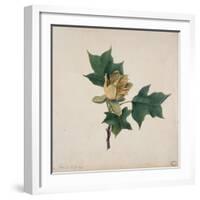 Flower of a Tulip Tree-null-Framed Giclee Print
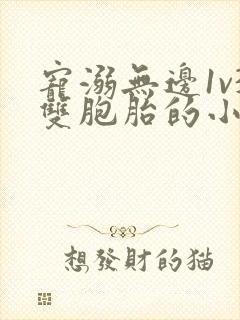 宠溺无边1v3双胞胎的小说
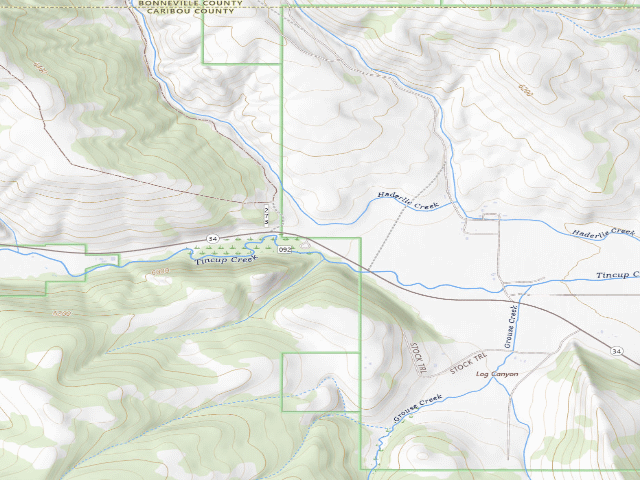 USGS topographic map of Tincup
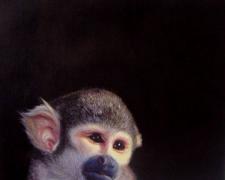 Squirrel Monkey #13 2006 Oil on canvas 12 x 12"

---

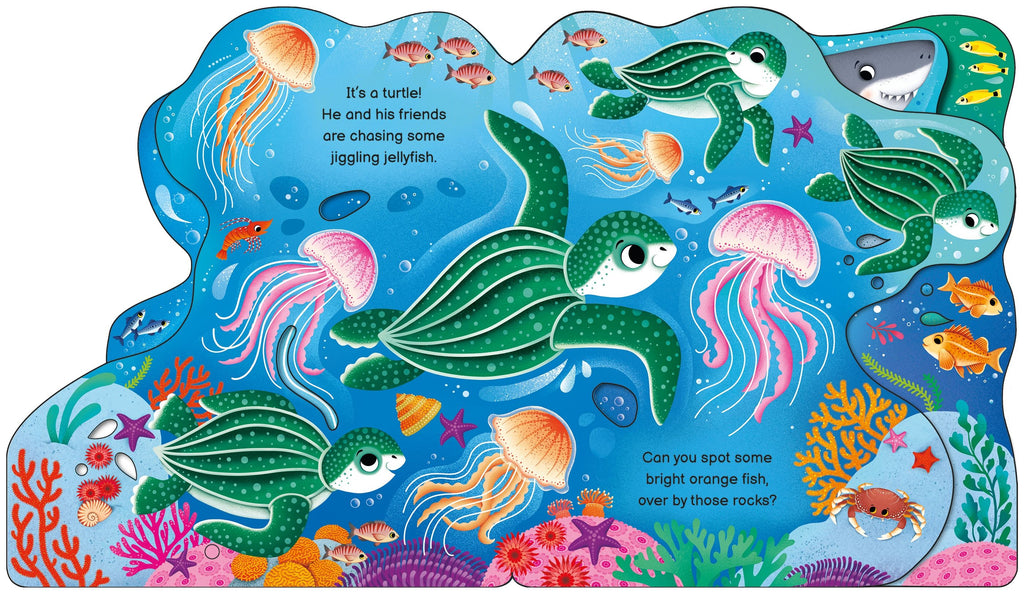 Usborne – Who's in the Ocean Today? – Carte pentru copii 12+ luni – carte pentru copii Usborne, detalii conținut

#### EXERCISE REQUIREMENTS
For this exercise, set down the lines in the entries above from the one with "USGS topographic map of Tincup" through the one with "Squirrel Monkey #13" exactly as written, without any pictures.

#### ANSWER BOX
 USGS topographic map of Tincup
 Squirrel Monkey #13 2006 Oil on canvas 12 x 12"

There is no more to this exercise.